Welcome to the Age of Big Metadata.
The U.S. Government has been quick to defend NSA’s PRISM by calling it “just metadata.” A news conference on Thursday with Senators Chambliss and Feinstein referred to the NSA’s work and its use of “metadata” several times in terms that made it seem like lesser data. It isn’t.
It sounded like this:
To my knowledge, we have not had any citizen who has registered a complaint relative to the gathering of this information. It is simply what we call metadata that is never utilized by any governmental agency unless they go back to the FISA court and show that there’s real cause as to why something within the metadata should be looked at.
Civil rights issue
Before we wring our hands too much, we’ve been warned about the privacy implications of Big Data in many ways. The best is probably still Alistair Croll’s remarkable article Big Data is our generation’s civil rights issue, and we don’t know it on Solve for Interesting where he says:
There are brilliant examples of how a quantified society can improve the way we live, love, work, and play. Big Data helps detect disease outbreaks, improve how students learn, reveal political partisanship, and save hundreds of millions of dollars for commuters—to pick just four examples. These are benefits we simply can’t ignore as we try to survive on a planet bursting with people and shaken by climate and energy crises.
But governments need to balance reliance on data with checks and balances about how this reliance erodes privacy and creates civil and moral issues we haven’t thought through.
As usual, Alistair, you nailed it, and long before the media began to circle.
Respectfully I’d be careful about making a number of these assumptions, both on the legal issues at hand and the technologies.

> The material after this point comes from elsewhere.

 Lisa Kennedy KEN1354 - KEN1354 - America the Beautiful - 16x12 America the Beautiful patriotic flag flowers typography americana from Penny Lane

First - it is far from clear that domestic collection writ large is the actual purpose of the program, nor that all the information collected is actually reviewed. You can’t utilize information that no longer exists, but that does not mean what is collected will inherently be used
Second - from a technology perspective Accumulo is just one of a wide range of technologies here at work here. While I cannot share information beyond what has already been made public, what was open sourced is a not the same stack as is in use.

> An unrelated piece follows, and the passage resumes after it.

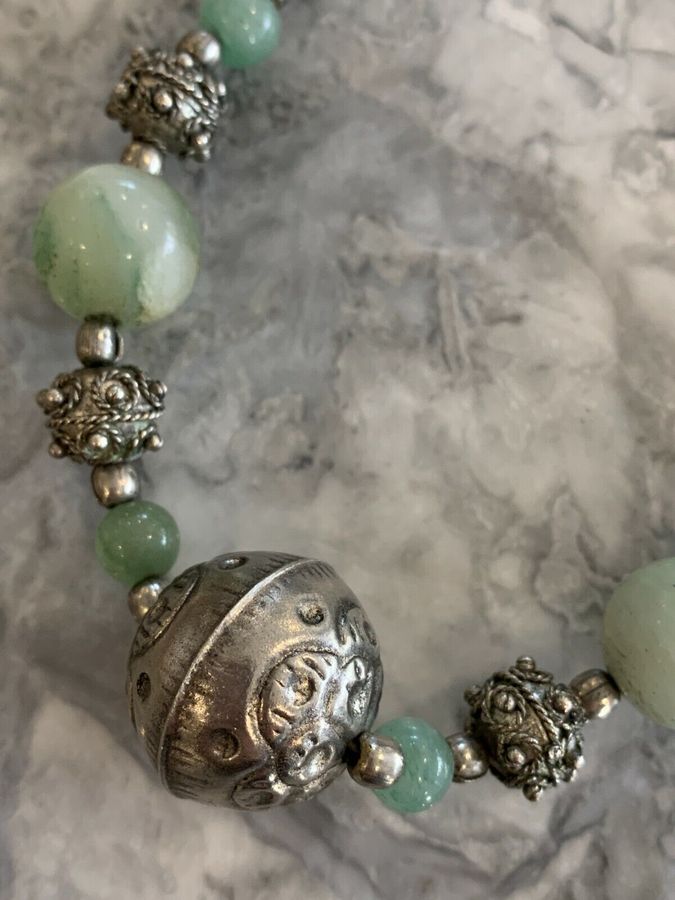 Antique Vintage Czech Jade Necklace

It’s been interesting to observe the evolution of commentary on the houha about the NSA and government analysis of electronic Big Data traffic: (1) Democratic politicians: I’m shocked, positively shocked, that the government is eavesdropping on private conversations, (2) President Obama: There’s a tradeoff here between security and privacy — it’s not so easy to draw the line, (3) Metadata is legal; it’s different than eavesdropping on actual conversations, (4) We should be concerned even about metadata being analyzed. For me, I net it out this way: the world is moving to transparency. If you have something to hide, be worried. If not, this is good.
Brad, I’m in your camp. With pressure cooker bombers likely to be more common, the public will welcome ways to track down those most likely. The reaction after Boston was all of the proof we needed on that topic.

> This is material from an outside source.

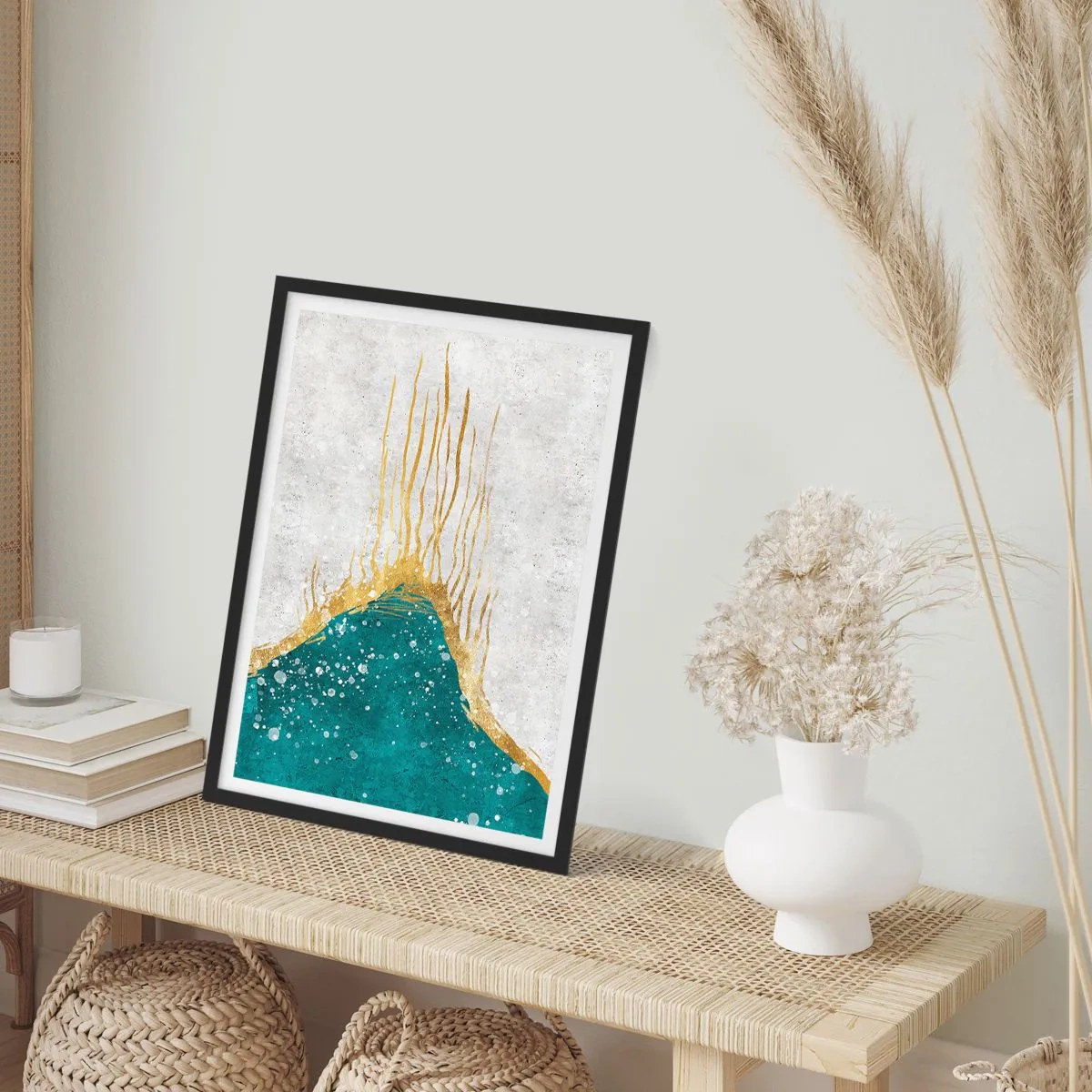 Póster en marco negro - Composición abstracta de oro y azul - 50x70cm - Marea dorada - Decoración de pared moderna para salón y dormitorio ARTTOR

Jeanne wrote a blog on Sunday that covers the other half of this argument…what to do about it. With a surveillance society becoming a reality, the key is to create the oversight necessary to keep us safe.
Thanks for your comment.
I want to get a job monitoring data. That way your tax dollars can pay me to watch cat videos all day.
It’s interesting how the powers that are - want your data - yet they won’t share their data back in an open transparent way. It doesn’t matter what political party is in power here; they both play the same game with the same endpoint in mind.